The University of Michigan’s athletic department will shut down for the next two weeks as a response to a recent COVID-19 outbreak, a department spokesman told MLive on Saturday night.
The order will begin Friday and affect all sports, including football and teams currently in season like basketball and men’s ice hockey.
All in-person training sessions, practices and games are postponed and student-athletes, coaches and staff members “must immediately isolate/quarantine until further notice,” a period that could last until Feb. 7, according to a late-night release from the school.

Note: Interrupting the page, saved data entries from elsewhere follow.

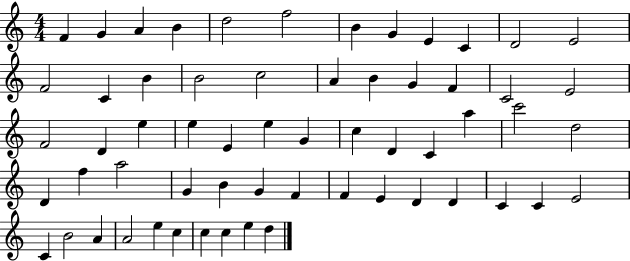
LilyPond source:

{
  \clef treble
  \numericTimeSignature
  \time 4/4
  \key c \major
  f'4 g'4 a'4 b'4 | d''2 f''2 | b'4 g'4 e'4 c'4 | d'2 e'2 | \break f'2 c'4 b'4 | b'2 c''2 | a'4 b'4 g'4 f'4 | c'2 e'2 | \break f'2 d'4 e''4 | e''4 e'4 e''4 g'4 | c''4 d'4 c'4 a''4 | c'''2 d''2 | \break d'4 f''4 a''2 | g'4 b'4 g'4 f'4 | f'4 e'4 d'4 d'4 | c'4 c'4 e'2 | \break c'4 b'2 a'4 | a'2 e''4 c''4 | c''4 c''4 e''4 d''4 | \bar "|."
}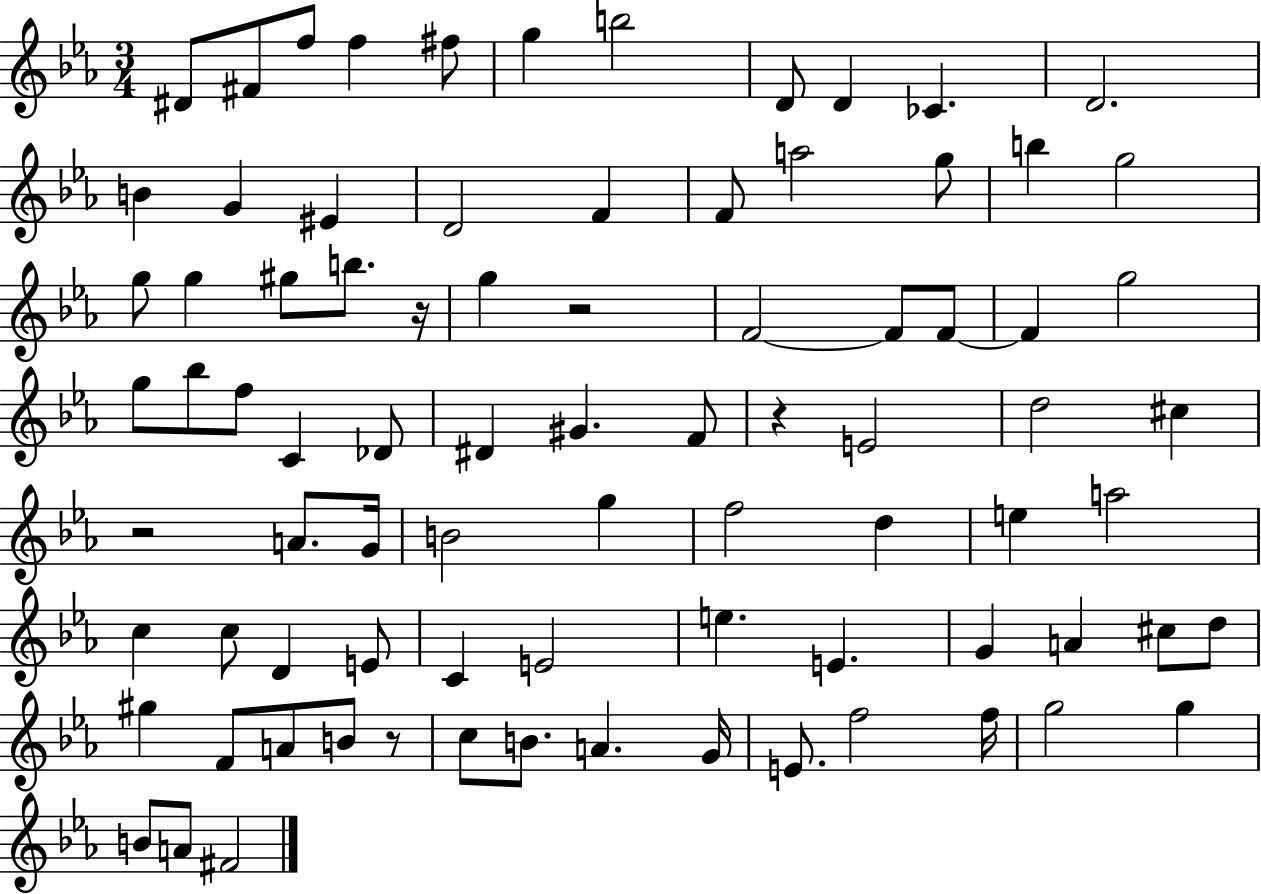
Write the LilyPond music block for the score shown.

{
  \clef treble
  \numericTimeSignature
  \time 3/4
  \key ees \major
  dis'8 fis'8 f''8 f''4 fis''8 | g''4 b''2 | d'8 d'4 ces'4. | d'2. | \break b'4 g'4 eis'4 | d'2 f'4 | f'8 a''2 g''8 | b''4 g''2 | \break g''8 g''4 gis''8 b''8. r16 | g''4 r2 | f'2~~ f'8 f'8~~ | f'4 g''2 | \break g''8 bes''8 f''8 c'4 des'8 | dis'4 gis'4. f'8 | r4 e'2 | d''2 cis''4 | \break r2 a'8. g'16 | b'2 g''4 | f''2 d''4 | e''4 a''2 | \break c''4 c''8 d'4 e'8 | c'4 e'2 | e''4. e'4. | g'4 a'4 cis''8 d''8 | \break gis''4 f'8 a'8 b'8 r8 | c''8 b'8. a'4. g'16 | e'8. f''2 f''16 | g''2 g''4 | \break b'8 a'8 fis'2 | \bar "|."
}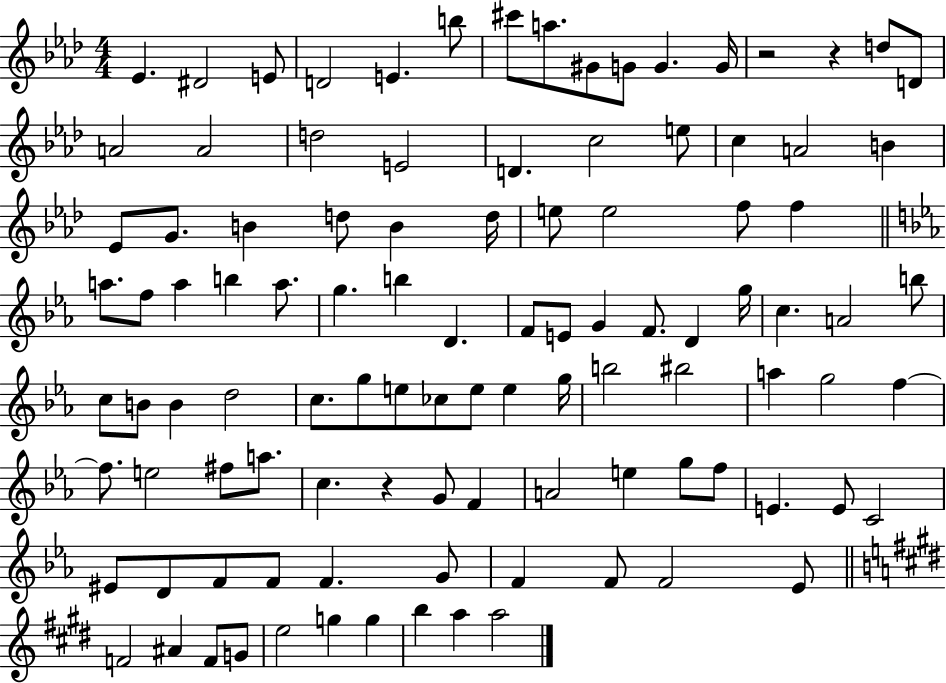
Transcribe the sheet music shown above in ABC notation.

X:1
T:Untitled
M:4/4
L:1/4
K:Ab
_E ^D2 E/2 D2 E b/2 ^c'/2 a/2 ^G/2 G/2 G G/4 z2 z d/2 D/2 A2 A2 d2 E2 D c2 e/2 c A2 B _E/2 G/2 B d/2 B d/4 e/2 e2 f/2 f a/2 f/2 a b a/2 g b D F/2 E/2 G F/2 D g/4 c A2 b/2 c/2 B/2 B d2 c/2 g/2 e/2 _c/2 e/2 e g/4 b2 ^b2 a g2 f f/2 e2 ^f/2 a/2 c z G/2 F A2 e g/2 f/2 E E/2 C2 ^E/2 D/2 F/2 F/2 F G/2 F F/2 F2 _E/2 F2 ^A F/2 G/2 e2 g g b a a2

The school newspaper, The Michigan Daily, said the shutdown was ordered by the state health department following confirmed cases of the B.1.1.7 variant, a more contagious strain of the deadly virus.
“Canceling competitions is never something we want to do, but with so many unknowns about this variant of COVID-19, we must do everything we can to minimize the spread among student-athletes, coaches, staff, and to the student-athletes at other schools,” Michigan athletic director Warde Manuel said in the release.
On Friday, Michigan’s athletic department reported 22 positive tests for COVID-19 last week, a significant jump from the week prior. The positive tests all came from student-athletes.
The Michigan’s men’s basketball team, which played a game against Purdue on Friday, was scheduled to play four games over the next two weeks. Among them was the first of two meetings with in-state rival Michigan State, set for Feb. 6 in Ann Arbor.